PD: So you’re now accusing our community of being ignorant as well?
GB: Did I say that?
PD: You’re saying that we don’t read the Age, that we don’t listen to Parliament, that none of us can pick up Hansard and read it…
GB: Did I say that your community is ignorant?
PD: Well you’ve said that we’re only hearing one side of the argument – that’s an unfair comment senator.
GB: I think only one side of the argument has dominated this. It’s a very simple point! A really simple point. Is referring a complex piece of legislation to a senate committee, an utterly commonplace thing to do, a delaying tactic?
DP: But isn’t it true, senator, that’s there’s already a house standing committee on family, community, housing and youth that’s looking into some of these issues, particularly support for carers?
GB: Well with all due respect to house of representatives committees, these sorts of bills are always bills that are looked at by senate committees, that’s what senate committees do, that’s the great thing about the senate, its committee system, and I think most of your listeners would be aware of that.
DP: One question from a listener here : “Perhaps one way forward to financial equality would be to remove partner benefits altogether for all relationships and in that fashion everybody would be in the same boat that same sex couples have been rowing all these years.”
GB: Well I don’t think anybody’s suggesting that. I think the way to go forward and what I would like to see is people in same sex relationships face no form of discrimination in relation to their financial, taxation, superannuation affairs whatever, and that’s our objective, and I accept in good faith that it’s the government’s objective too.
PD: Senator, I’d just like to draw your attention to the amendment put by Brendan Nelson, the leader of the opposition, which amongst other things said, “whilst not declining to give the bill a second reading, the House affirms its commitment to the central importance of the institution of marriage to Australian society.” Could you answer me and our listeners really really simply how a change in a piece of legislation regarding superannuation will in any way question or challenge of chip away at the institution of marriage?
GB: I don’t think it will, But you’ve got to understand why an amendment like that was moved.
PD: No, I don’t understand, that’s why I’m asking you.
GB: Well I’ve already given you a direct answer. But can I explain why an amendment like that was moved? Because there are many people in the community who do have that concern, who d have a concern that legislation like this will erode the status of marriage. Now I am not one of those people. I don’t think it will. But I think people who do have that concern are entitled to be reassured about what the oppositions position is.
DP: What it seems to say to us is, we want to continue to enshrine, as a pinnacle of Australian society, a discriminatory institution, marriage.

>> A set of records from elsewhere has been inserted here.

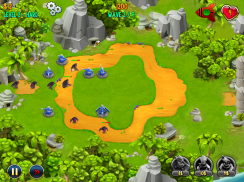 Defense Zone – Epic Battles screenshot 9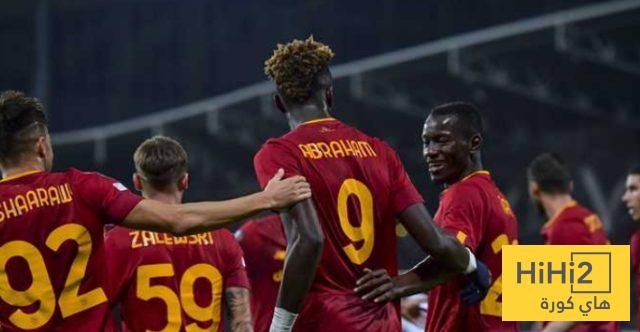 نتائج جيدة لـ روما قبل مواجهة ميتيلاند نتائج جيدة لـ روما قبل مواجهة ميتيلاند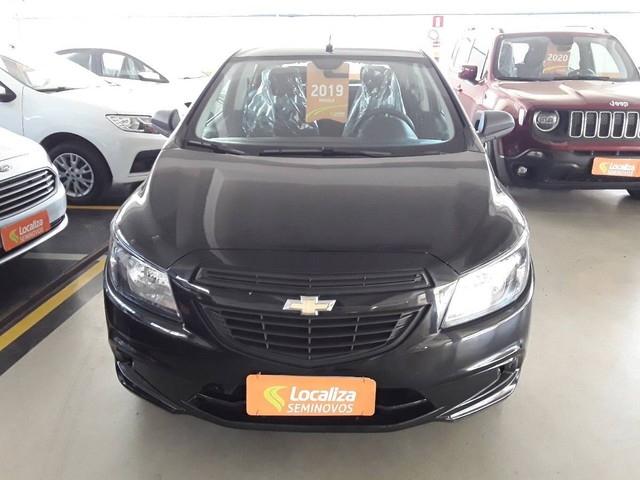CHEVROLET JOY 2019/2020 1.0 SPE4 FLEX MANUAL
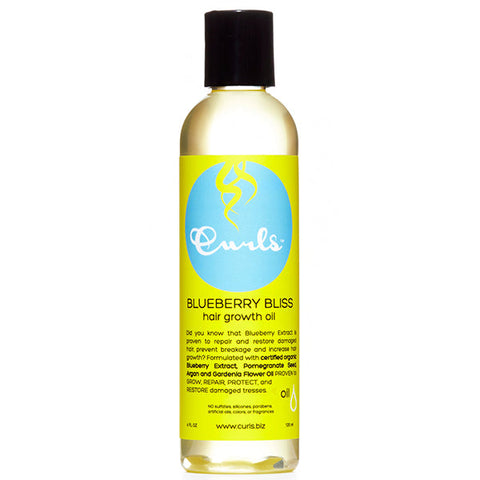 Curls Blueberry Bliss Hair Growth Oil 4oz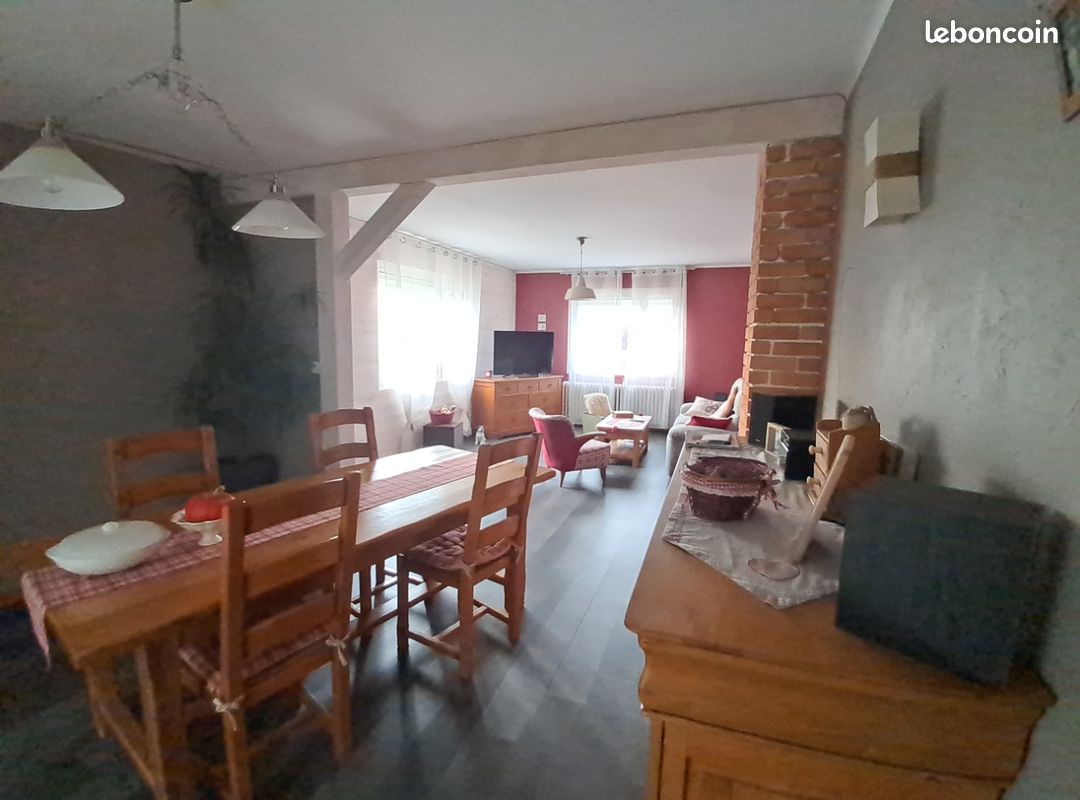 Maison 7 pièces 120 m² · à Saône · 120 m² · 269 000 €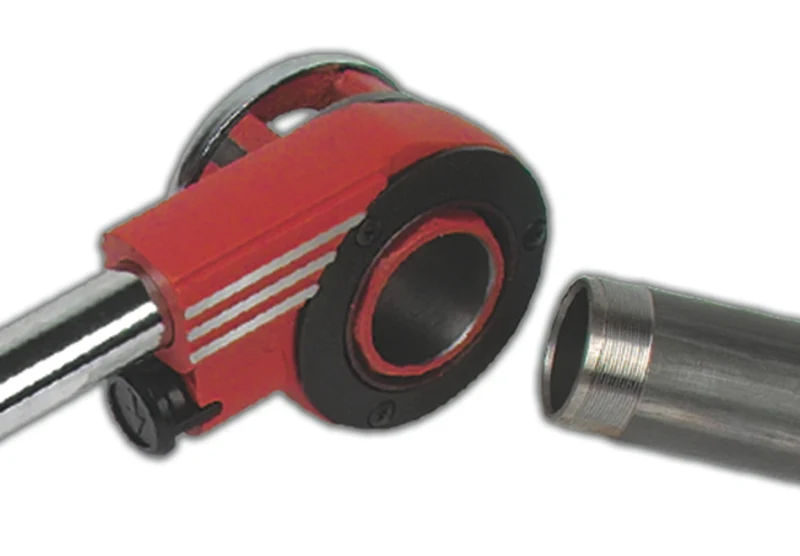 Schneidkluppensatz 9-tlg. 1/4"-1.1/4"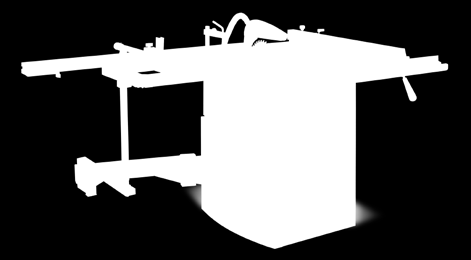 laserom pre presný rez prídavné stoly 2 ks - 638 x 260 mm 1 ks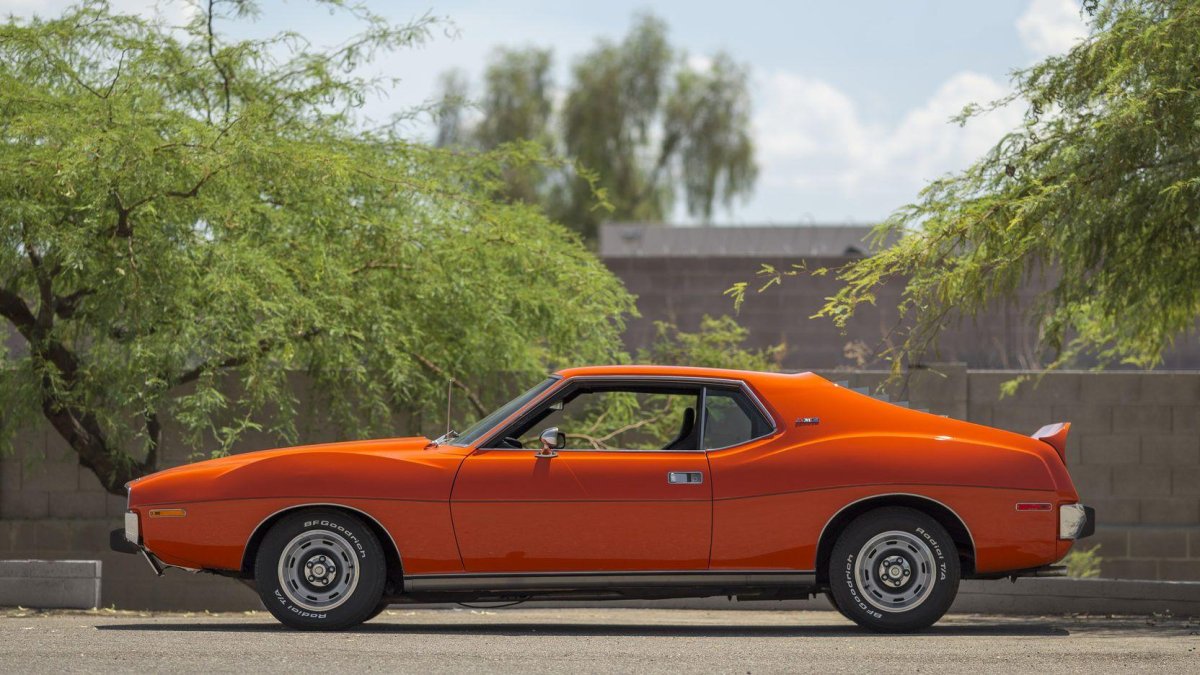 AMC Javelin 1973
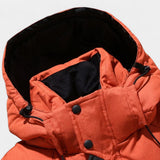 Pavel – Warme Winterjacke für kalte Tage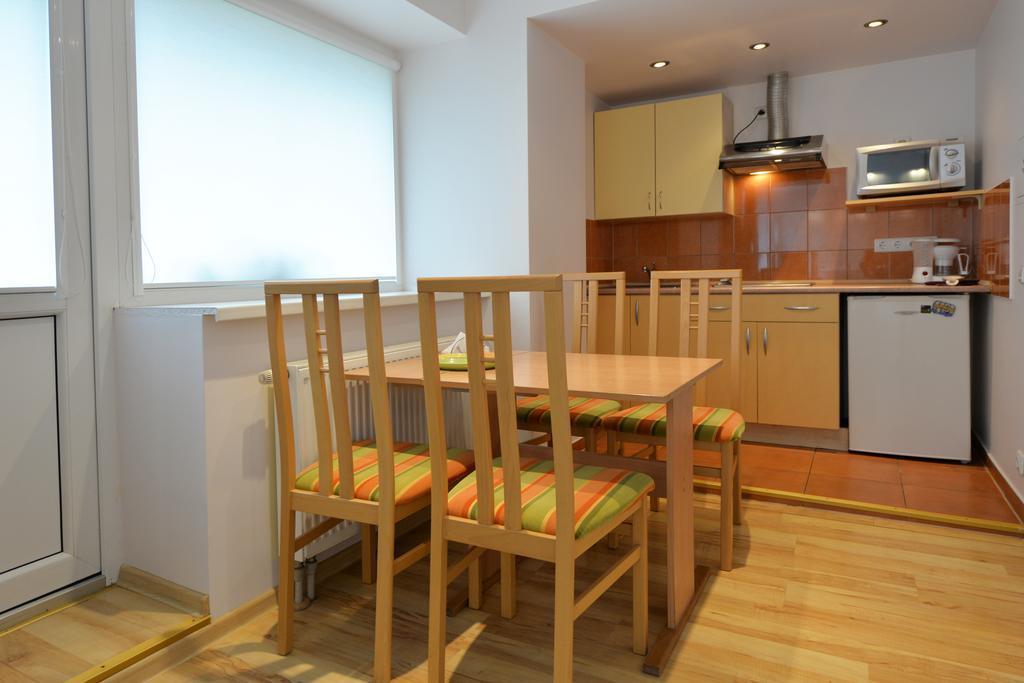 Apartamentai Šilas Druskininkai Bagian luar foto
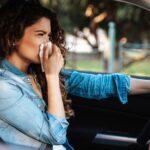 Autoescola Sant Feliu - Blog - Si tens alèrgia, compte al volant!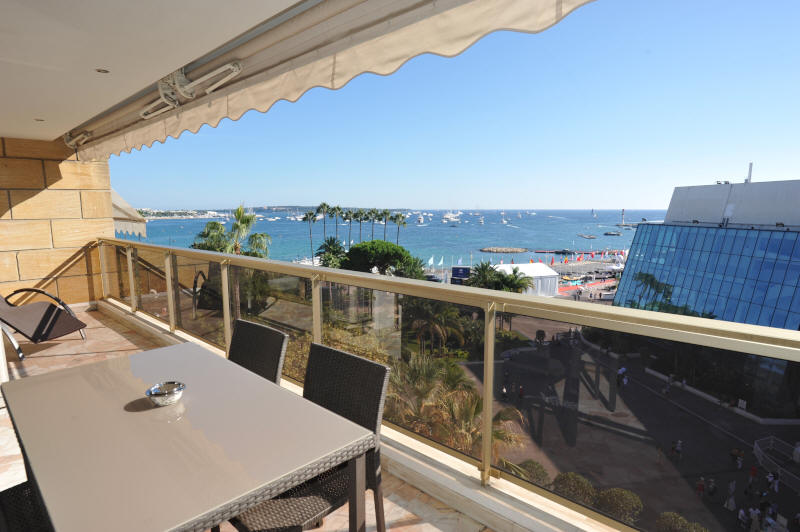 Cannes Rentals, rental apartments and houses in Cannes, France, copyrights John and John Real Estate, picture Ref 357-02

GB: Well this gets into a different argument, and that is the argument about whether or not same-sex relationships should be treated as the equivalent of marriages, and I don’t believe they should, that’s not the oppositions position, you’ve got to . . . well you don’t have to . . . but I would think that the traditional and cultural centrality of marriage in all human civilization has been recognized to be a relationship between a man and a woman, that’s not a discriminatory thing to say, it’s not a particularly radical thing to say, far from it, it’s been the situation with marriage in one form or another throughout the entire recorded human history. And can I say this, to you as well. If you want to lose this argument, if you want to get the more conservative elements of the community right offside, then elaborate this into an argument about gay marriage.
DP: Oh yes. And it was very clear from what everyone said yesterday – no gay marriage, no gay IVF, no gay surrogacy – was very firmly placed off limits, at least for now.